An open reading frame encoding the surfactin synthetase gene (srfA) is cloned fromBacillus licheniformisNIOT-06 genome. An expression plasmid containingsrfAn operon was insertedEscherichia coliM15 cells and the recombinant biosurfactant were purified and quantified. Purified recombinant surfactin showed excellent emulsifying activity. HPLC fraction of the purified recombinant surfactin revealed a significant surface tension-lowering property. The secondary structure of the surfactin synthetase enzyme was predicted to have an alpha-helical structure. The three-dimensional structural model of surfactin synthase was found to be 0.243 Å units.

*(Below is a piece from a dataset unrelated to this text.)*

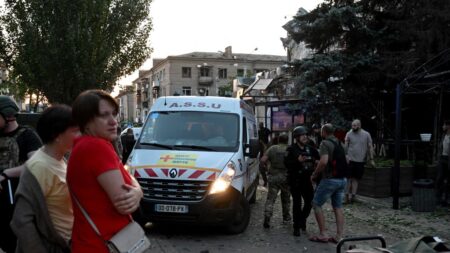 Six morts dans un bombardement russe dans l’Est de l’Ukraine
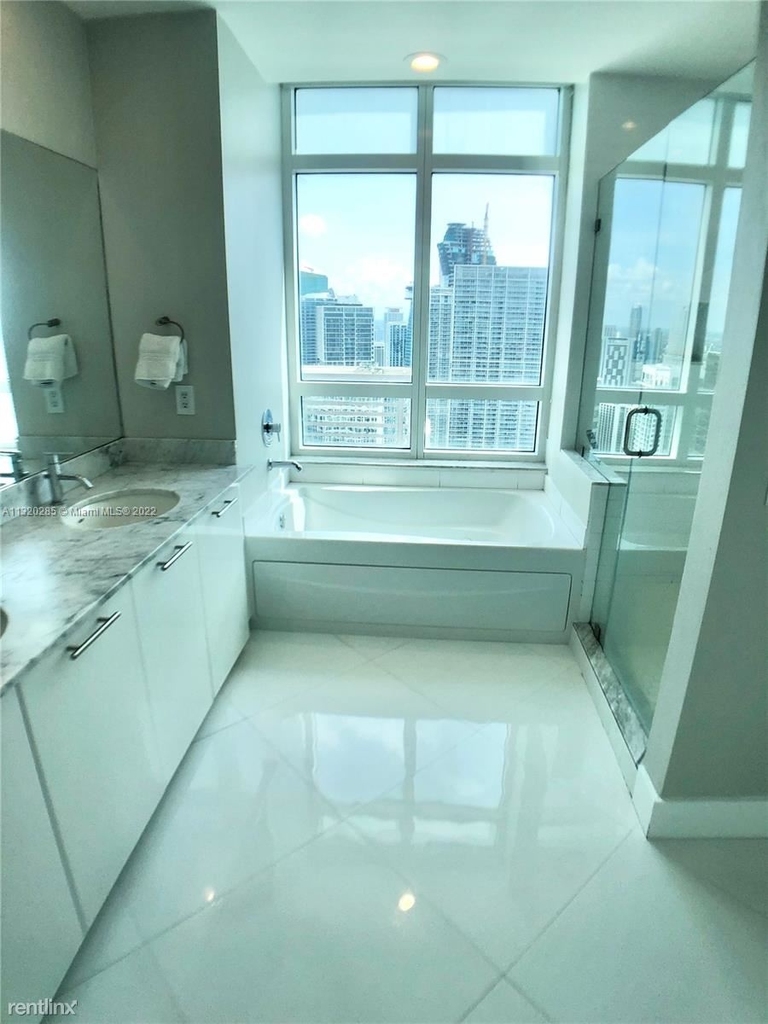 950 Brickell Bay Dr Apt 5110 - Photo 11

Gene Reports, bind 5, 2016, s. 18-22

TrinomierThomas (1921) is an endemic Brazilian Atlantic forest genus of the family Echimyidae, consisting of ten species, of which onlyT halfhad described its mitogenome. The limits of morphological distinction between species of the genus are unclear, complicating taxonomy. Herein, we report the complete mitochondrial genome sequences ofTrinomys moojeniITrinomys setosusobtained from low-pass genome sequencing. The mitogenomes ofT. moojeniIT. setosusare 16,713 and 16,825 bp long with a CG content of 37.5% and 36.1%, respectively. Both consist of 13 protein-coding genes (PCGs), 2 ribosomal RNA genes (rRNA), 22 transfer-RNA-gener (tRNA) and a D-loop region. We utilized our two sequenced mitogenomes and two other publicly available Echimyidae mitogenomes to build a phylogenetic framework based on the 13 PCGs. Altogether, these new mitogenomes expand the available molecular information for the Echimyidae and contribute to clarifying rodent taxonomy and phylogenetics.

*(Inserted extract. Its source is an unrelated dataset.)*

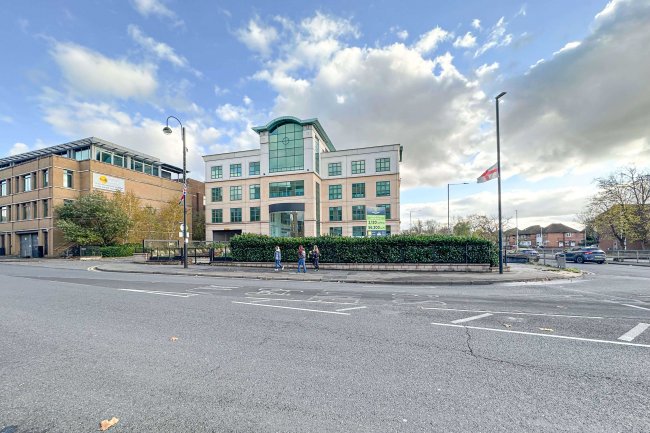 11 Vine Street, Uxbridge UB8 1QE 1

Gene Reports, bind 5, 2016, s. 157-162

Malaria is still a serious disease that kills hundreds of thousands of people every year. Previous studies of the protein Aminopeptidase N1 (APN1).Anopheles gambiae(the main malaria vector in Africa) revealed that it is a receptor for the sexual stage ofPlasmodium falciparumin the midgut of this mosquito and can be inhibited by polyclonal antibodies produced against the N-terminus of this protein. Despite its importance, this gene and its protein have not yet been characterizedAnopheles stephensi(the main malaria vector in the eastern Mediterranean regions and Indochina). In this article, the total APN1 cDNA ofAnopheles stephensi(APN1As) were identified using Rapid Amplification of cDNA Ends (RACE), real-time PCR was used to evaluate the amount of mRNA level after blood feeding, and various bioinformatic tools were used for further characterization of identified sequences. The result showed that this protein is very similar to that of aminopeptidase N1 ofAnopheles gambiae, especially in the N-terminal part of this protein. Also, the expression level of this gene increases significantly after blood feeding. Therefore, since this gene and its protein have close similarity to APN1Ag, if biological tests confirm it, it could be a candidate for transmission-blocking vaccines in malaria-endemic countries.

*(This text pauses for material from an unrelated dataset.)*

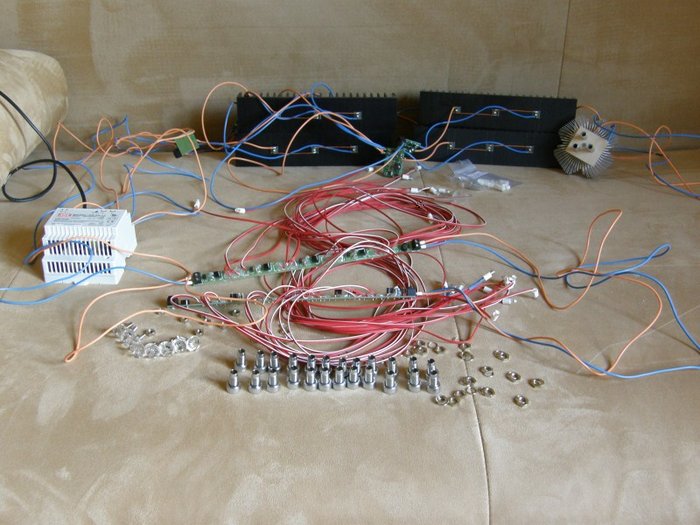 P6080255.jpg (123.77 KiB) 40526 mal betrachtet Das kommt unter die Decke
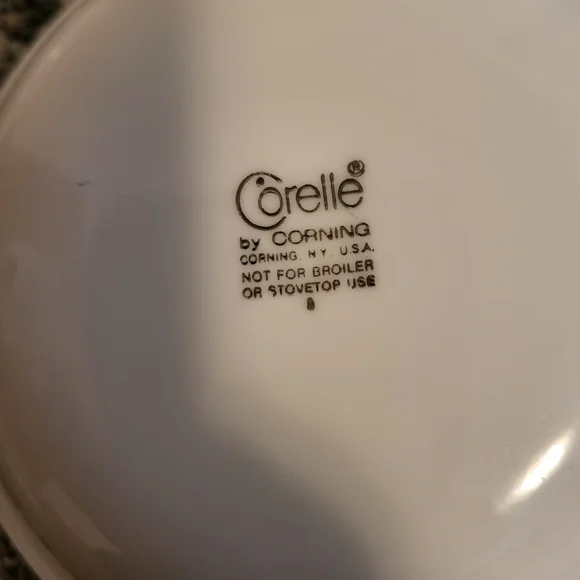 Vintage Corelle Butterfly Gold Set Of 4 Dessert Plates - Picture 2 of 2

Gene Reports, bind 5, 2016, s. 51-56

Chalcone synthase (CHS, E.C. 2.3.1.74) is a key enzyme in the biosynthetic pathway leading to the production of flavonoids. Although CHS has been systematically studied in various plant species, including maize, rice and Arabidopsis, no systematic analyzes have been performed in industrial crops.The most common linenL. In this study, we identified nine CHS genes from the flax genome by analysis of multiple alignment, phylogenetic relationships and protein motif. The phylogenetic analysis revealed that flax CHS (LuCHS) 1, 2, 8 and 9 clustered with CHS-like (CHSL) gene group, while the CHS group contained the remaining LuCHS proteins. To establish detailed expression data for the LuCHS gene family, cells grown in flax were treated with salicylic acid, methyljasmonic acid, chitosan and pectin. LuCHSs in the CHS gene group were strongly up-regulated by stress-related stimuli, while other genes in groups in the CHSL group were slightly up- or down-regulated, indicating a divergence in the function of LuCHSs. Taken together, our comparative and expression analysis of CHS genes and encoded proteins in flax provides the first step towards the functional dissection of the CHS gene family in response to different stimuli.